**Source records**
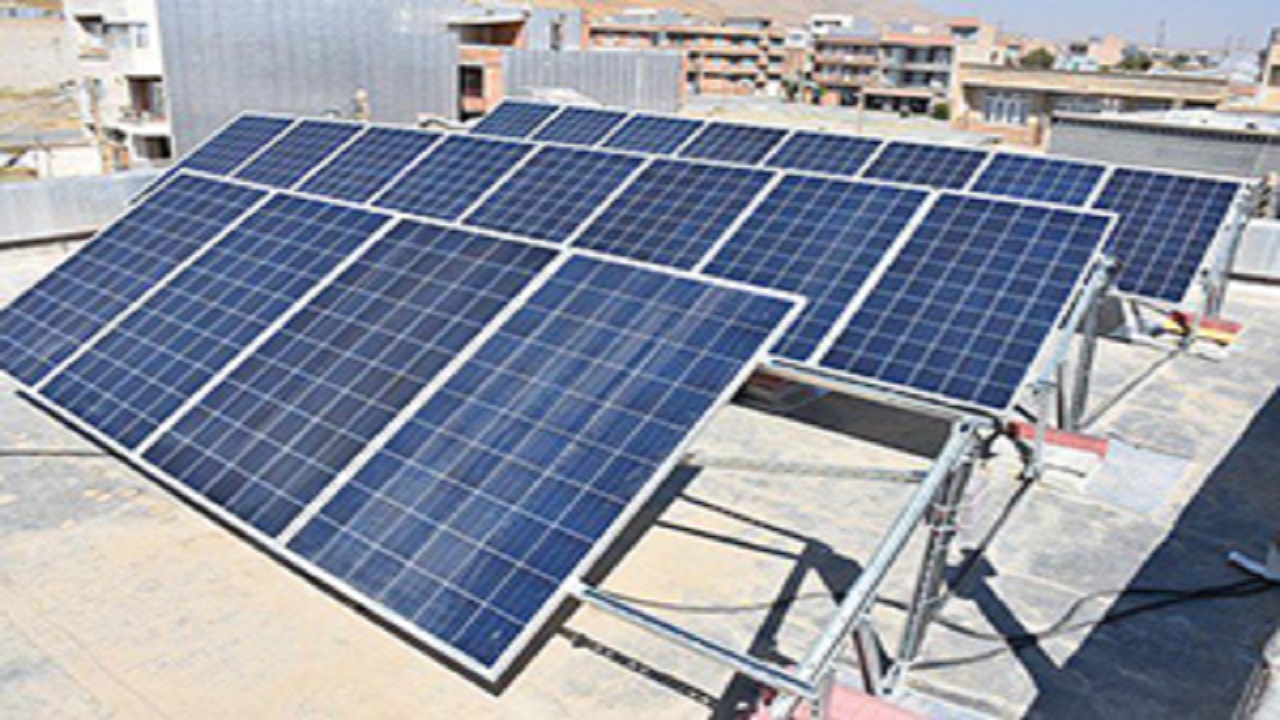 ۱۳ پنل خورشیدی بین عشایر بروجرد توزیع شد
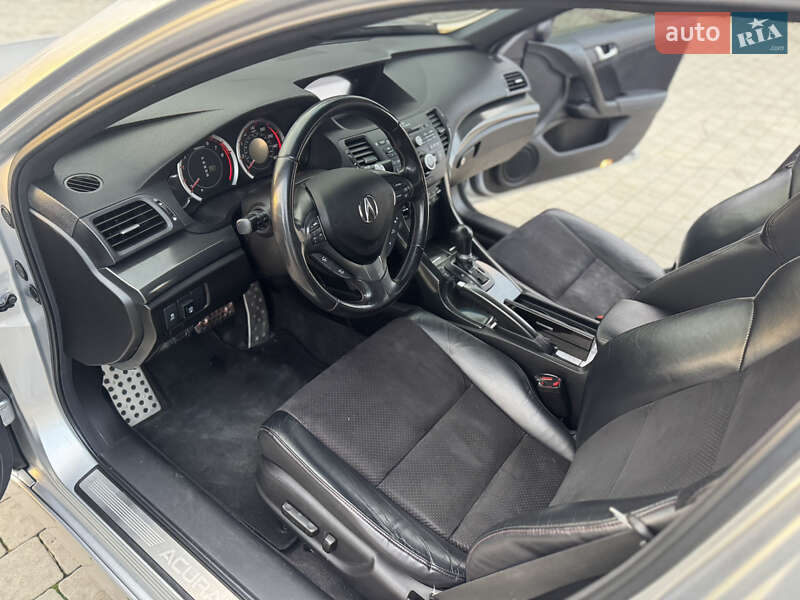 Седан Acura TSX 2013 в Львове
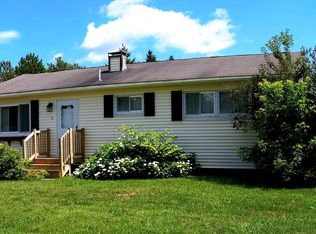 6 Wellington Ave, Caribou, ME 04736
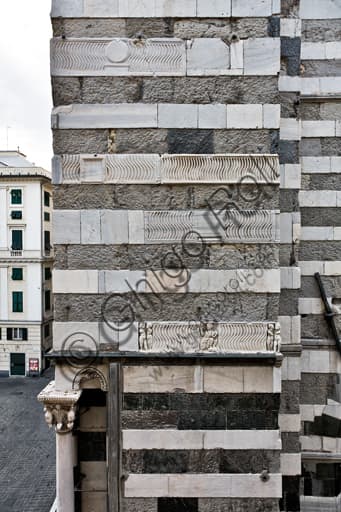 Particolare del fianco sud del Duomo di Genova con i fronti di antichi sarcofagi romani integrati nella muratura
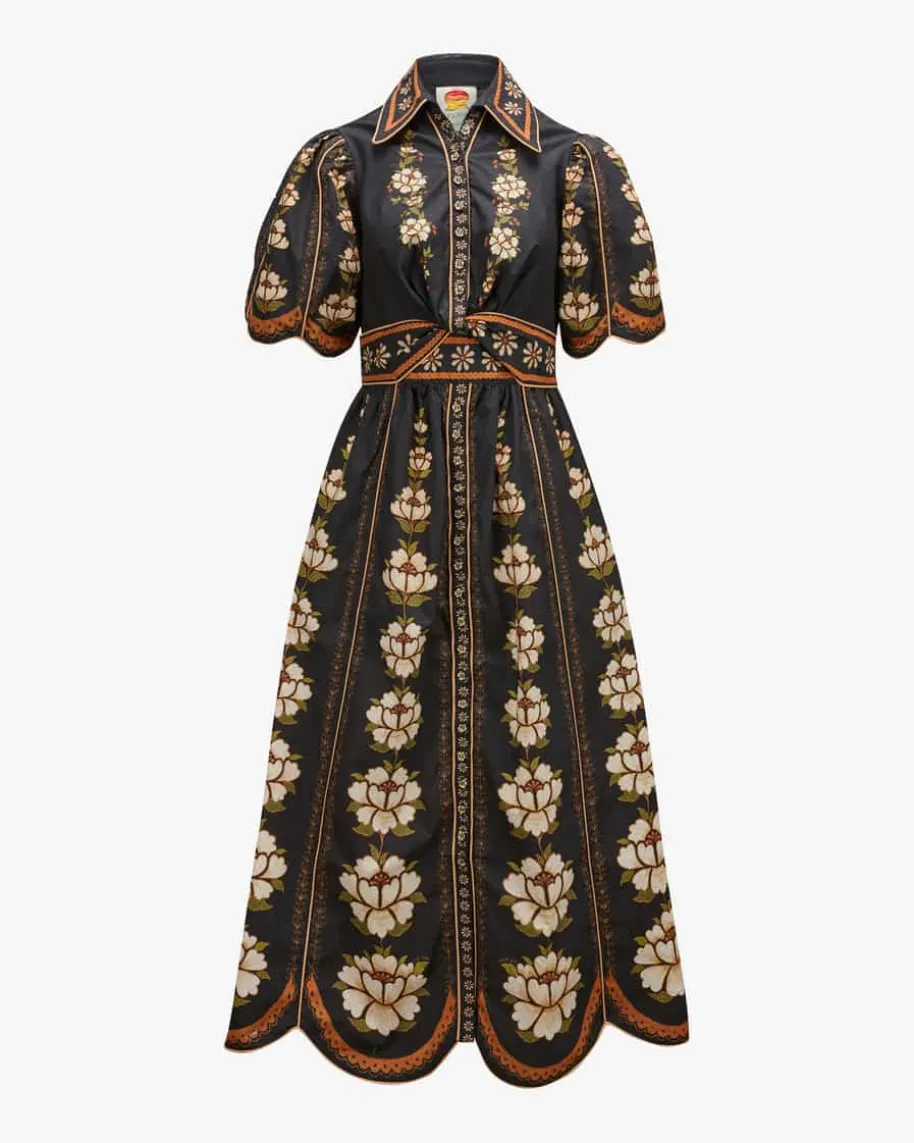 Embroidered Flowers Kleid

**Exercise directions**
The entries must be written out again unchanged. Images are to be left out.

**Answer section**
 ۱۳ پنل خورشیدی بین عشایر بروجرد توزیع شد
 Седан Acura TSX 2013 в Львове
 6 Wellington Ave, Caribou, ME 04736
 Particolare del fianco sud del Duomo di Genova con i fronti di antichi sarcofagi romani integrati nella muratura
 Embroidered Flowers Kleid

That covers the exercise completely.